Now that a whole weekend has elapsed, this is probably old news already. With gossip moving at the speed of broadband these days, we’re probably not the first to tell you that Kim Gordon and Thurston Moore are getting a divorce. Then again, perhaps you haven’t heard. They decided to break the news as quietly as possible with the old sneak out a press release to one magazine at 7 pm on a Friday night tactic for dropping a newsbomb.
It’s a good strategy, often used in Washington for releasing something that will be politically damaging. You slip that news out there Friday evening when people are at happy hour and ready to get on with their weekend plans and generally keeping their computers off and their phones in their pockets, and then by Monday when everybody plugs in again it’s already old news and something else is about to happen somewhere in the world, if it hasn’t already.
Try as we might, we just can’t bring ourselves to care about this news at all. We don’t know Thurston Moore. We’re not friends with Kim Gordon. (Full disclosure: We are friends with Kim Gordon’s Panties on Facebook.) Maybe we’re just a right bastard, but compassion is a scarce enough commodity, and we’d rather save ours for people we’ve actually met. If we fall all over ourselves wringing our hands, wailing and moaning about Kim and Thurston, it basically makes us no better than the TMZ set, hashing out the sordid details of Paul McCartney’s divorce.
It’s an apt comparison. Sonic Youth are certainly the Beatles of indie rock. What people always forget about the Beatles though is that they broke up at exactly the right time. They had done just about everything they could do as Beatles. Can you imagine the Beatles playing through the 80’s? Into the 90’s? They would have sounded like Wings.

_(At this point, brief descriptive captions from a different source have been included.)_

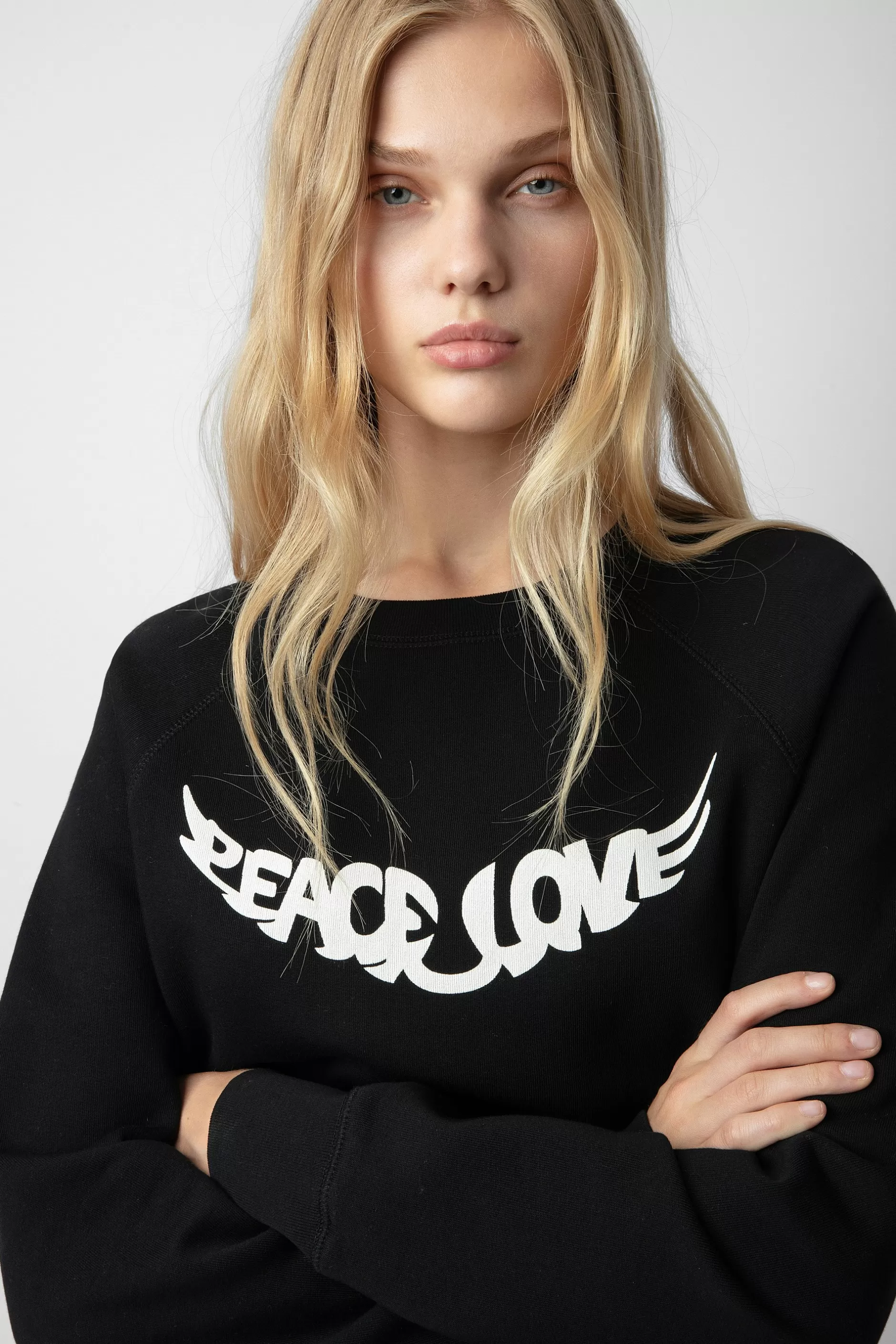 Zadig & Voltaire Sweat-Shirt Upper Peace & Love^Femmes Unisexe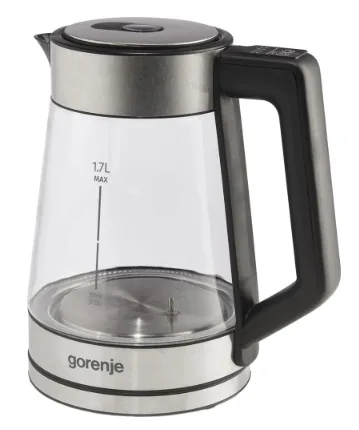 Электрочайник Gorenje Стекло 1,7 л Серебристый 2200 Вт
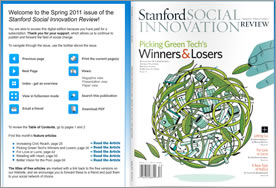 Click here to open Stanford Social Innovation Review 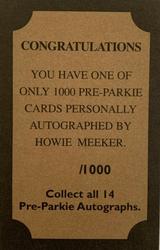 2001-02 Pre-Parkie - Autographs #NNO Howie Meeker Back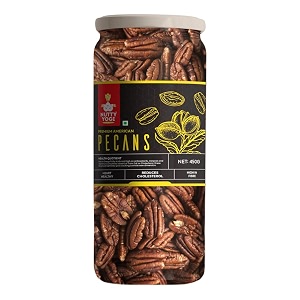 nutty yogi pecans 450g  all natural  no preservatives  no additives  gluten free  vegan  non gmo  nuts dry fruits
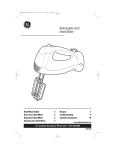 GE 168951 User's Manual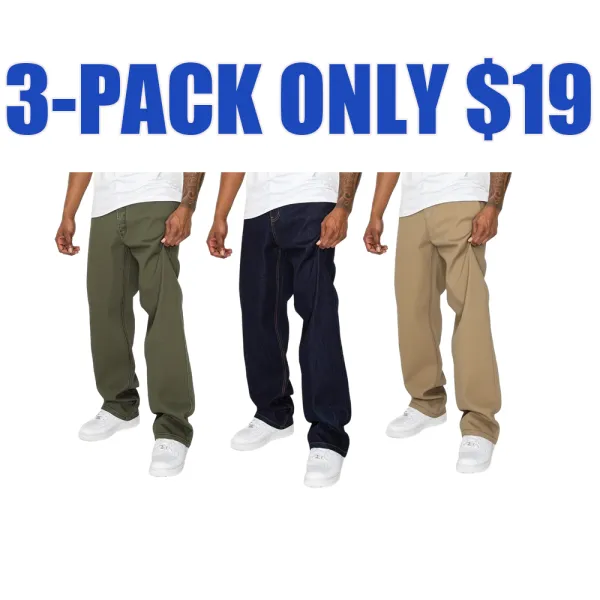 Essential Baggy Raw Denim Jeans Menswear Best Selling Jeans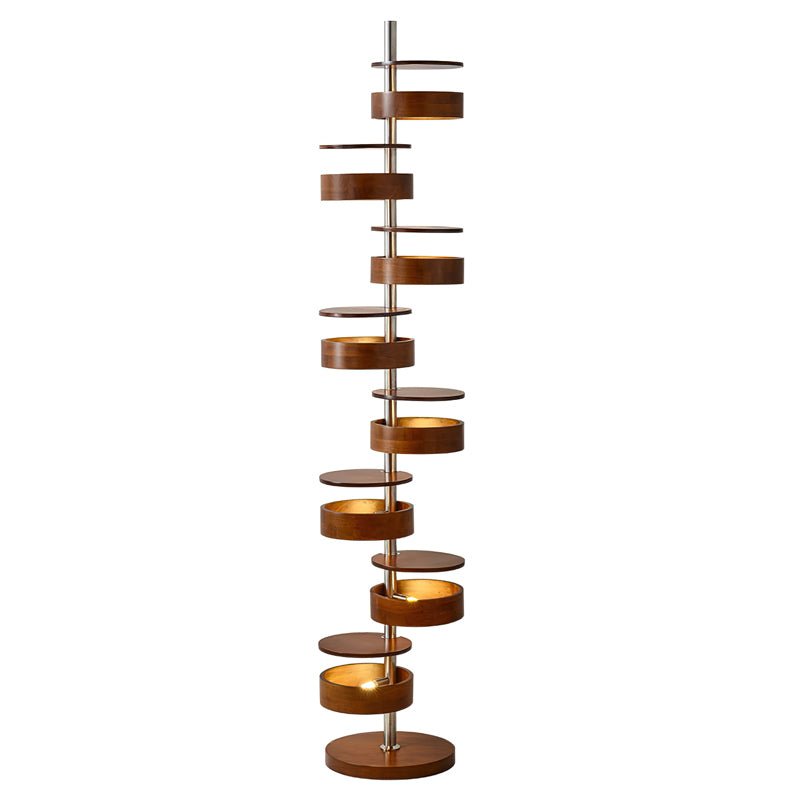 Lynix Wooden Floor Lamp-Neutral Decor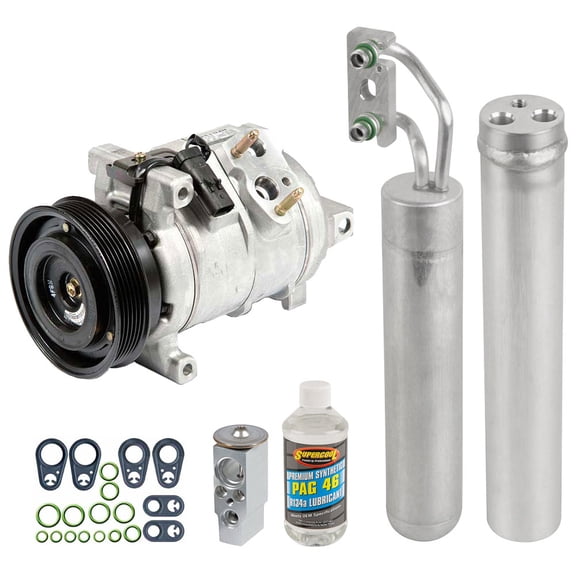 OEM AC Compressor w/ A/C Repair Kit For Dodge Charger Magnum & Chrysler 300 3.5L V6 2005 2006 - BuyAutoParts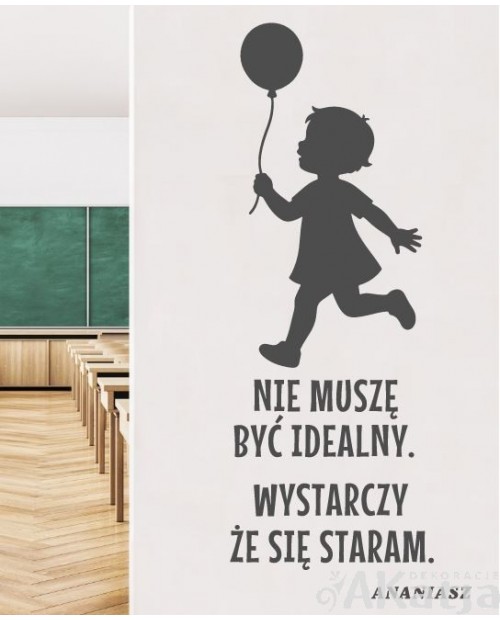 Naklejka na ścianę: Mikołajek: cytat Ananiasza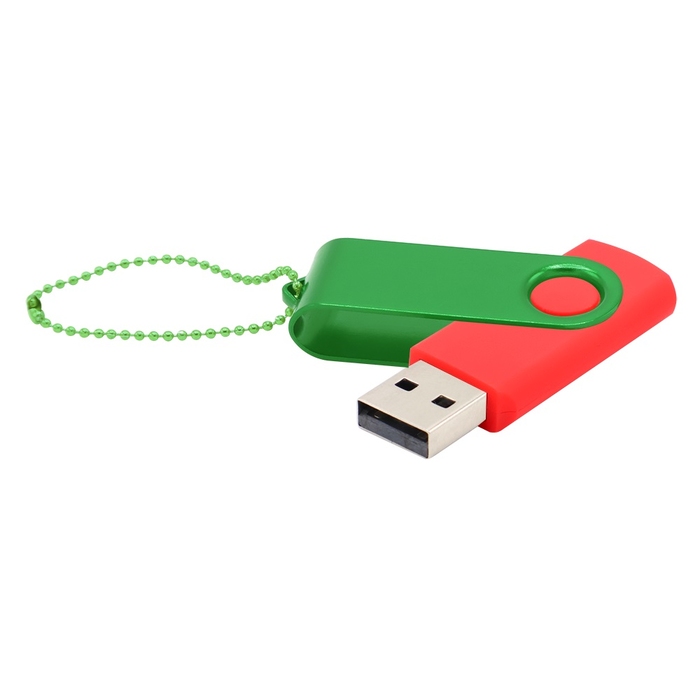Флешка Designer To Go 2.0 USB 16Gb, красный/зеленый для нанесения логотипа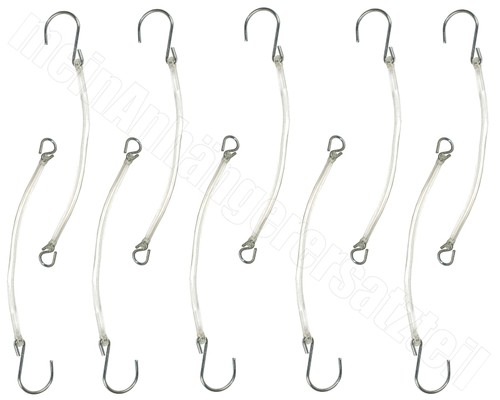 10x sicherungsschnur aus - sicherungsschnur, pvc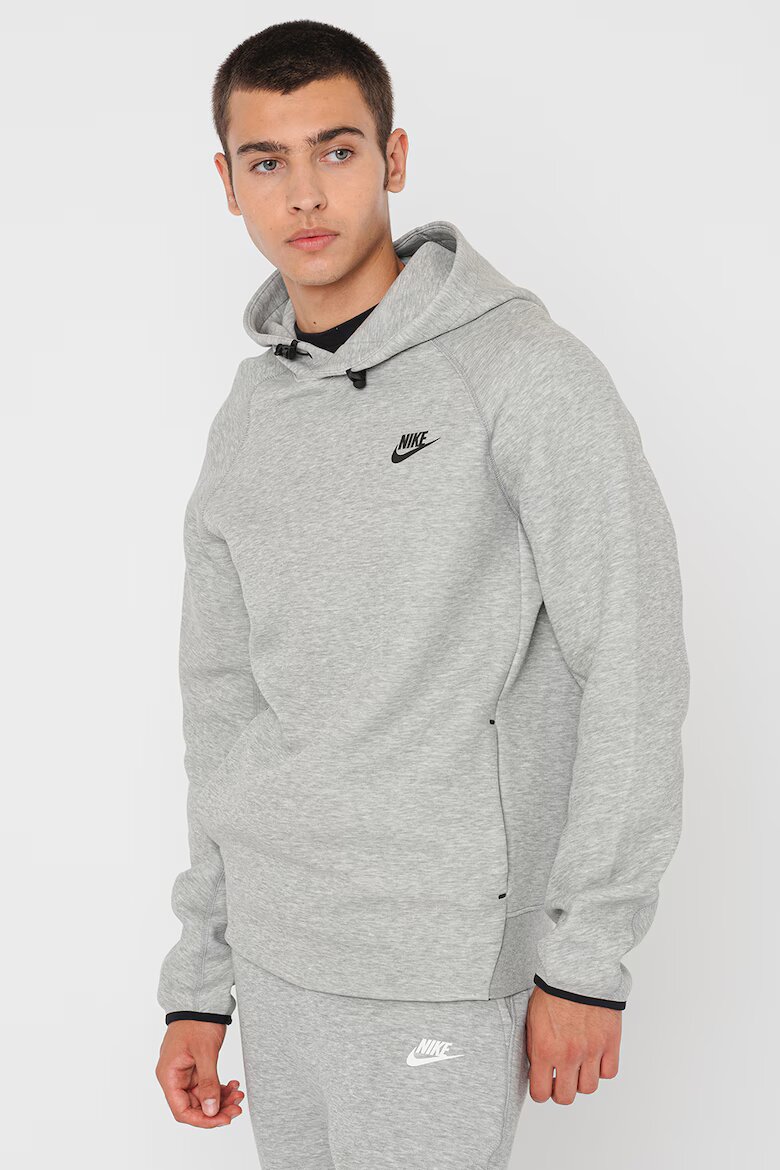 Nike Фитнес худи с ръкави реглан Сив меланж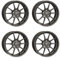 4x AUTEC Felgen Alufelgen WIZARD 7.0x16 ET25 4x108 Gunmetal matt kompatibel mit Opel Mokka Corsa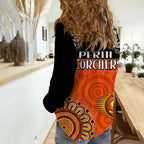 perth-scorchers-cricket-women-casual-shirt-aboriginal-double-boomerang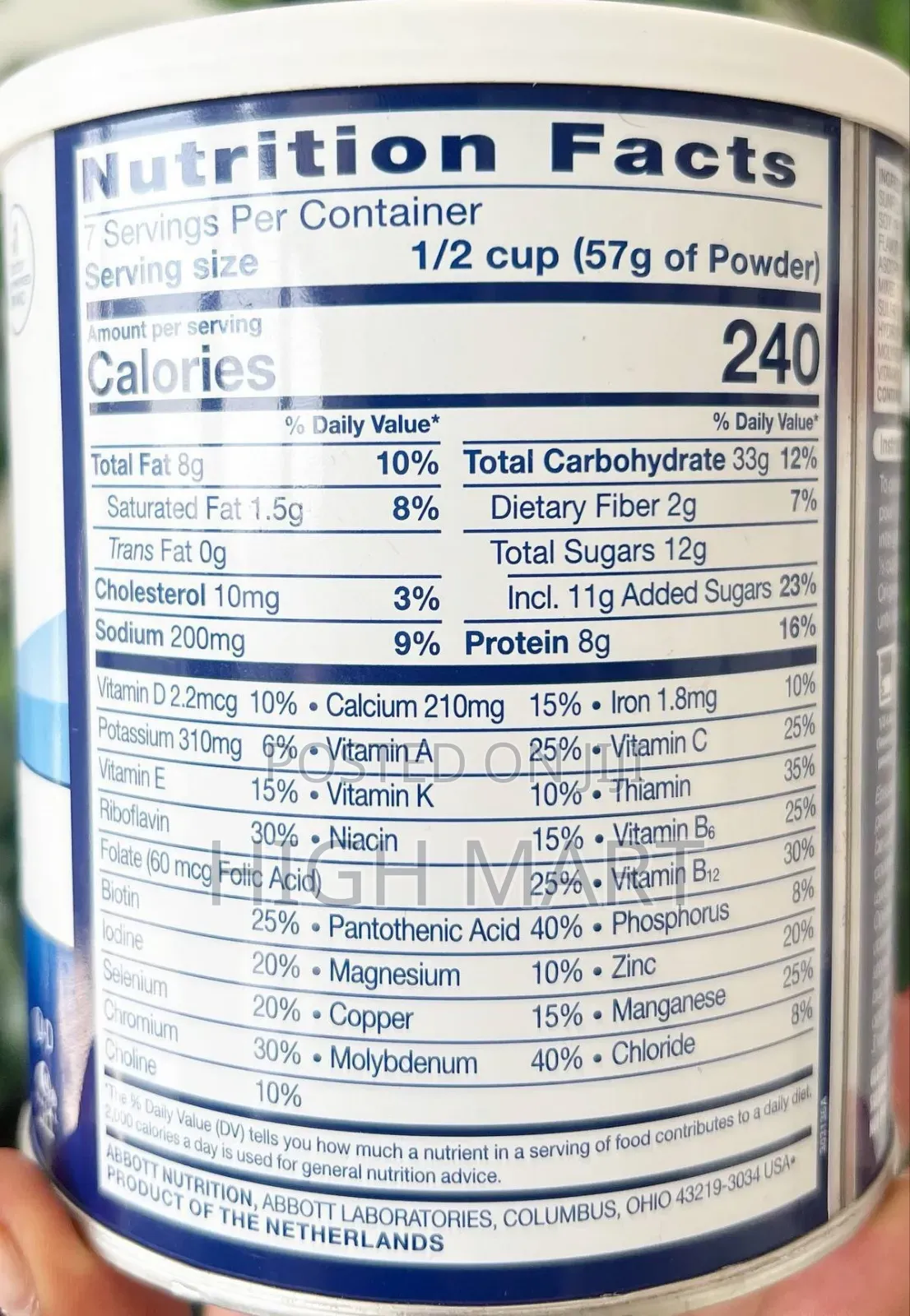 Ensure Original Nutrition Powder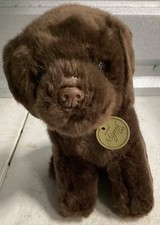 Aurora Miyoni Tots Plush Stuffed Brown Dog Doll Approximate 10  x8  Chocolate Lab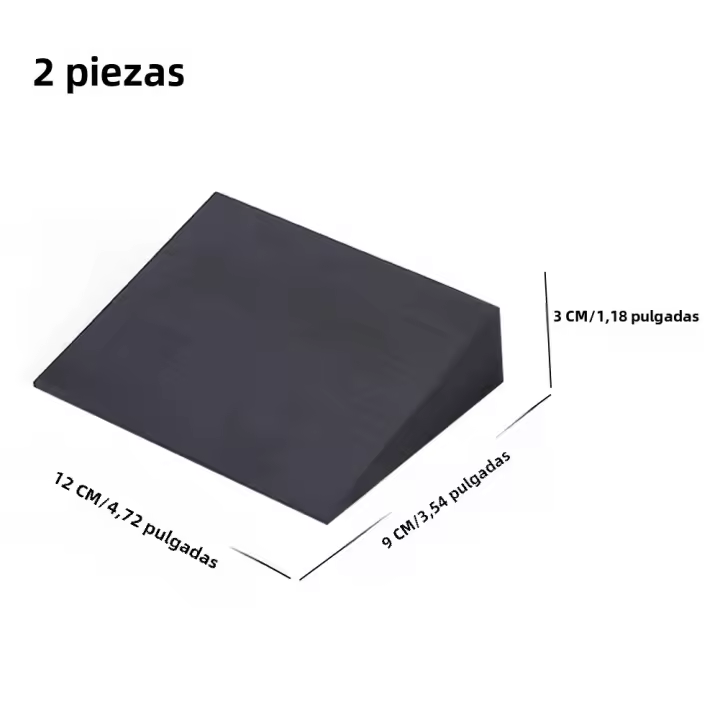 2 Pcs Almohadillas De Yoga Ligeras Para Estiramiento Y Soporte De Calfazos Espalda Y Muñecas Bloque De Squat Y Extensión Para Ejercicio Gimnasio Y Fitness - 1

Try as we might, we just can’t give a shit about “The uncertain future of the band.” Sonic “Youth” is actually our parents’ age (and we’re 31). They’ve released sixteen (16!) full length records. There’s not really any need to make more records until we get around to buying the 13 albums we don’t own. The three that we do have on our shelves are so fucking good that we’re still not tired of them yet. It’s one of the reasons we’re actually happy about the impending Double Dagger breakup. Their records are so good, we’re not going to get tired of them anytime soon.
The only unresolved point of interest with the Sonic Divorce? Who gets the Washing Machine?